Since premiering in TIFF’s Wavelengths section last September, Being John Smith has been on a veritable victory lap of the festival circuit, picking up prizes at DOK Leipzig, the International Festival Signs of the Night in Urbino, Italy; and more. The first film in three years from the titular British director is at once a playful wander through a lengthy life and career and an ample demonstration that Smith’s characteristic intelligence, humor, and cinematic ingenuity continue to find invigoratingly fresh avenues of expression after more than five decades. 

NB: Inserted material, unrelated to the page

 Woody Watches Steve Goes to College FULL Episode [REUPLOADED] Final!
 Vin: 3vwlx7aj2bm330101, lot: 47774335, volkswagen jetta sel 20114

After studying at the Royal College of Art, Smith started out with the London Film-Makers’ Co-op in the 1970s and went on to build a wonderfully heterogenous body of work. Privileging the short form, his films combine avant-garde, documentary, and fictional modes to experiment with language, humor, and the medium of film [Associations (1975), Shepherd’s Delight (1980-84), The Girl Chewing Gum (1976)]; explore urban landscapes [The Black Tower (1985-87), Home Suite (1993-94), Slow Glass (1988-91)]; or openly decry political failings [the Hotel Diaries series (2001-07), Covid Messages (2020), Citadel (2020)]. 

For anyone planning a retrospective of the still underscreened films of this experimental filmmaking legend, no centerpiece could be better than his latest. The 27-minute Being John Smith is deceptively simple in both form and content: alternating still images and sections of black screen are given structure by intertitles and voiceover that relate a largely chronological account of Smith’s lifelong struggle to live with the most common name in the English language. But the account is as rich in digression as it is in autobiography, and complicated by the fact that said voiceover and intertitles increasingly speak over (and even contradict) one another. 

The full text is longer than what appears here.